Collected data:

▶

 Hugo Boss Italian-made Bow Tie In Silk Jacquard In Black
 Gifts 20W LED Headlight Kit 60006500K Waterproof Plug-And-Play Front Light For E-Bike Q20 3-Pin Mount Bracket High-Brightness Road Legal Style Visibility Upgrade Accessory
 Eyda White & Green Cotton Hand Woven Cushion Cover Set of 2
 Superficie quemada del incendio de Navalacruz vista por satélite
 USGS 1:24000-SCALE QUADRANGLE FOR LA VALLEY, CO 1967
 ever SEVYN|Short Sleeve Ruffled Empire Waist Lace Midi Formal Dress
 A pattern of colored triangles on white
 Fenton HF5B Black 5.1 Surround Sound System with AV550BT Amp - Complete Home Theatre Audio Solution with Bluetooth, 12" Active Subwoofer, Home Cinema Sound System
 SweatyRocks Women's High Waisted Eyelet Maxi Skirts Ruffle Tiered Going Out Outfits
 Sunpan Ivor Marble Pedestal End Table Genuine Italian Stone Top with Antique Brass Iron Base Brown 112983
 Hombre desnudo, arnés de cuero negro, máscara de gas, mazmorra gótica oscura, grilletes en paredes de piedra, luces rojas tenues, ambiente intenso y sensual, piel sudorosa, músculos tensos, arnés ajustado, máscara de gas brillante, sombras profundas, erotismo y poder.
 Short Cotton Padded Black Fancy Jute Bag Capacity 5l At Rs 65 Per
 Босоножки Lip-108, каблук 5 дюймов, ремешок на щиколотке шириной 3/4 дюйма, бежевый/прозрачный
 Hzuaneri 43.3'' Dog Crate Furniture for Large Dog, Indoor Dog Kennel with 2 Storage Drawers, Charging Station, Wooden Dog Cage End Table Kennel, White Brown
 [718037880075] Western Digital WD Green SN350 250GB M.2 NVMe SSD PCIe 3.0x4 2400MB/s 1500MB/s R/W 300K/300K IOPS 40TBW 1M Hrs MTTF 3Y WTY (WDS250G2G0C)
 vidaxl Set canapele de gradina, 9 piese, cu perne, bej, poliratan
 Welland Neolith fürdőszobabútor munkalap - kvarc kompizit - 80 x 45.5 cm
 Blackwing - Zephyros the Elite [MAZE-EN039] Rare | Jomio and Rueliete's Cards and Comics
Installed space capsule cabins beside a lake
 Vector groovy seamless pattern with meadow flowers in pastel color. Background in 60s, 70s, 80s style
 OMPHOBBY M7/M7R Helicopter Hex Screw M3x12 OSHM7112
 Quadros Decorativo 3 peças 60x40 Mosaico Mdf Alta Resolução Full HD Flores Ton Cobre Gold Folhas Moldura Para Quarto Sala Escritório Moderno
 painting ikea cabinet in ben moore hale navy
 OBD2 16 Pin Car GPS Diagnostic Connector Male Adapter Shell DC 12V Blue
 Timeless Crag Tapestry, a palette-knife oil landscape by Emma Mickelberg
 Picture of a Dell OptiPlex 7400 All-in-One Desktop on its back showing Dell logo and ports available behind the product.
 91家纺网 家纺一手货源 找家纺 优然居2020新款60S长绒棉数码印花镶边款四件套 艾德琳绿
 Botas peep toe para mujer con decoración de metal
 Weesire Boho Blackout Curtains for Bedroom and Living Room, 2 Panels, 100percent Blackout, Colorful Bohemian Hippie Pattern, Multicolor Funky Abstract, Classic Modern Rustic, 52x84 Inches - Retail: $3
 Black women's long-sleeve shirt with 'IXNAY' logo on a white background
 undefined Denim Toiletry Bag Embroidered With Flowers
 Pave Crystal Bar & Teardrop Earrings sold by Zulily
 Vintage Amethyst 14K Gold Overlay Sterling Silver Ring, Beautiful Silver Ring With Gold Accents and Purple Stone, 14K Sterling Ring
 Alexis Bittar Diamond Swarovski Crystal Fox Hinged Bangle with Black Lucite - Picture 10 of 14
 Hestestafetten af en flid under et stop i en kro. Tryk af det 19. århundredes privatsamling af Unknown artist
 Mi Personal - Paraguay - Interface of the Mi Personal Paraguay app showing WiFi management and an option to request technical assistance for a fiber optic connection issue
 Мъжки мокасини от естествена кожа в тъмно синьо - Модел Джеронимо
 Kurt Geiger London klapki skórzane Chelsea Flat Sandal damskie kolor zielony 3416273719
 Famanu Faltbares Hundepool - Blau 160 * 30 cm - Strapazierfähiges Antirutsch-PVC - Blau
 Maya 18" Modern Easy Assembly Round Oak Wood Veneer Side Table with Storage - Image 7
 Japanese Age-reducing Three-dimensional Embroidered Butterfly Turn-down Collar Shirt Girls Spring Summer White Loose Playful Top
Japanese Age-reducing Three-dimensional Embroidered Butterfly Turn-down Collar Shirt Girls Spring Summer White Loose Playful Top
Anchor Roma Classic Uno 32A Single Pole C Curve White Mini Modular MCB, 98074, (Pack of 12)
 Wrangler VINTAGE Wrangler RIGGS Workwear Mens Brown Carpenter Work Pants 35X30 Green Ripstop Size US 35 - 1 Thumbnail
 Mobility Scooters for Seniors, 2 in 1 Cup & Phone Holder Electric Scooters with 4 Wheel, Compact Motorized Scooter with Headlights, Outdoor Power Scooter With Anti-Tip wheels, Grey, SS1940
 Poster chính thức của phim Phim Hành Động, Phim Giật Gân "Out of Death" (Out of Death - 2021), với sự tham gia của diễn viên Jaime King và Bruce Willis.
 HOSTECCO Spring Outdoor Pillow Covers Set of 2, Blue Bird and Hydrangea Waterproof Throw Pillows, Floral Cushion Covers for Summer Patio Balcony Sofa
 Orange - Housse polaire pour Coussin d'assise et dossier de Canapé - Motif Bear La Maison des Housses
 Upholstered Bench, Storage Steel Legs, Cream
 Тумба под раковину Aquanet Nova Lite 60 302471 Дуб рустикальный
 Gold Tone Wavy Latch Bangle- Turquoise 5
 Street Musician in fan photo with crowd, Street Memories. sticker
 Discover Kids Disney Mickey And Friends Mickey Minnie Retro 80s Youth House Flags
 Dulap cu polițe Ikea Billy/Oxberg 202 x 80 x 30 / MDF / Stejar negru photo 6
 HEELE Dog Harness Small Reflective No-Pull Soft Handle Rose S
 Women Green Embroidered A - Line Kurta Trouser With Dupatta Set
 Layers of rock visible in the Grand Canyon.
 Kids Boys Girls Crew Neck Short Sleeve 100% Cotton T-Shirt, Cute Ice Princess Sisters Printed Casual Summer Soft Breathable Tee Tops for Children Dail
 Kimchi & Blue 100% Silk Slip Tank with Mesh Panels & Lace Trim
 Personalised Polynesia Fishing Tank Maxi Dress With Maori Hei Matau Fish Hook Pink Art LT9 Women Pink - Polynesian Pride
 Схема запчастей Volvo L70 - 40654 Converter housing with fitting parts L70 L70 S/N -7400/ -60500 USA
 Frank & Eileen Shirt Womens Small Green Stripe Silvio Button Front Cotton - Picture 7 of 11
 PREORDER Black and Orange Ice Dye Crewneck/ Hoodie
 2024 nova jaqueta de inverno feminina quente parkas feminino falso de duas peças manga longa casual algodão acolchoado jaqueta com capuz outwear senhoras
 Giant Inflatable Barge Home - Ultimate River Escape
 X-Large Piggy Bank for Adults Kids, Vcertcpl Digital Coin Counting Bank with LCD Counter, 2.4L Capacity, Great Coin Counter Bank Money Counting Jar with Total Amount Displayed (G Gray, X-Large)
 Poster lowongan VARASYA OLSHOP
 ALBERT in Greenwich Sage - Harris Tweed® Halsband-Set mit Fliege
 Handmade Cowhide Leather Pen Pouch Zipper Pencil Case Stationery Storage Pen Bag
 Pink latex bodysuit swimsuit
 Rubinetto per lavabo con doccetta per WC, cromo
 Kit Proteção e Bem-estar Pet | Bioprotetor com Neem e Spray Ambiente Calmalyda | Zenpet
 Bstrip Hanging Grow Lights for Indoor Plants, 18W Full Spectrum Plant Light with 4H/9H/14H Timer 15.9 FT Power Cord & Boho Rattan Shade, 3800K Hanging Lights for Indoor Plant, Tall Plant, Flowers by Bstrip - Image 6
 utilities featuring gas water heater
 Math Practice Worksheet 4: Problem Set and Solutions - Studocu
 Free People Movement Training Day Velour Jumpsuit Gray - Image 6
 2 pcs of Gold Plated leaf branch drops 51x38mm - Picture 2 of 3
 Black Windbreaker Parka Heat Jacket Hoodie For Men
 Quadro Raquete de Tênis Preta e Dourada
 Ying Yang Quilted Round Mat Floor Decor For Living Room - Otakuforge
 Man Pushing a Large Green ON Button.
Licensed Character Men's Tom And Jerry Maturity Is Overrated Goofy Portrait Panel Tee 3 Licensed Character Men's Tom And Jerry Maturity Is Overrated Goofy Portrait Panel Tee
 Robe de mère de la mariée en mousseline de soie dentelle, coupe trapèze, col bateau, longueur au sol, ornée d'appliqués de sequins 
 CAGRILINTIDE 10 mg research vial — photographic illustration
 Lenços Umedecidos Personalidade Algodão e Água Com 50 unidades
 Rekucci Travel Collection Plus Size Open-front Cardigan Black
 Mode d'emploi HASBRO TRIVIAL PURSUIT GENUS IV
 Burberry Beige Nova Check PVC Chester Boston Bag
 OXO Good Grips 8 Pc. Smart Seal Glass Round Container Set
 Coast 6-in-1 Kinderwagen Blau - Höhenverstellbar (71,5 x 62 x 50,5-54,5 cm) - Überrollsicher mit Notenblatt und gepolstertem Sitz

◀

_EXERCISE AIM_
What you give back should be only the lines of the records above, starting at the line with "91家纺网 家纺一手货源 找家纺" and ending at the line with "Mobility Scooters for", restated word for word.

_RESPONSE TO THE EXERCISE_
 91家纺网 家纺一手货源 找家纺 优然居2020新款60S长绒棉数码印花镶边款四件套 艾德琳绿
 Botas peep toe para mujer con decoración de metal
 Weesire Boho Blackout Curtains for Bedroom and Living Room, 2 Panels, 100percent Blackout, Colorful Bohemian Hippie Pattern, Multicolor Funky Abstract, Classic Modern Rustic, 52x84 Inches - Retail: $3
 Black women's long-sleeve shirt with 'IXNAY' logo on a white background
 undefined Denim Toiletry Bag Embroidered With Flowers
 Pave Crystal Bar & Teardrop Earrings sold by Zulily
 Vintage Amethyst 14K Gold Overlay Sterling Silver Ring, Beautiful Silver Ring With Gold Accents and Purple Stone, 14K Sterling Ring
 Alexis Bittar Diamond Swarovski Crystal Fox Hinged Bangle with Black Lucite - Picture 10 of 14
 Hestestafetten af en flid under et stop i en kro. Tryk af det 19. århundredes privatsamling af Unknown artist
 Mi Personal - Paraguay - Interface of the Mi Personal Paraguay app showing WiFi management and an option to request technical assistance for a fiber optic connection issue
 Мъжки мокасини от естествена кожа в тъмно синьо - Модел Джеронимо
 Kurt Geiger London klapki skórzane Chelsea Flat Sandal damskie kolor zielony 3416273719
 Famanu Faltbares Hundepool - Blau 160 * 30 cm - Strapazierfähiges Antirutsch-PVC - Blau
 Maya 18" Modern Easy Assembly Round Oak Wood Veneer Side Table with Storage - Image 7
 Japanese Age-reducing Three-dimensional Embroidered Butterfly Turn-down Collar Shirt Girls Spring Summer White Loose Playful Top
Japanese Age-reducing Three-dimensional Embroidered Butterfly Turn-down Collar Shirt Girls Spring Summer White Loose Playful Top
Anchor Roma Classic Uno 32A Single Pole C Curve White Mini Modular MCB, 98074, (Pack of 12)
 Wrangler VINTAGE Wrangler RIGGS Workwear Mens Brown Carpenter Work Pants 35X30 Green Ripstop Size US 35 - 1 Thumbnail
 Mobility Scooters for Seniors, 2 in 1 Cup & Phone Holder Electric Scooters with 4 Wheel, Compact Motorized Scooter with Headlights, Outdoor Power Scooter With Anti-Tip wheels, Grey, SS1940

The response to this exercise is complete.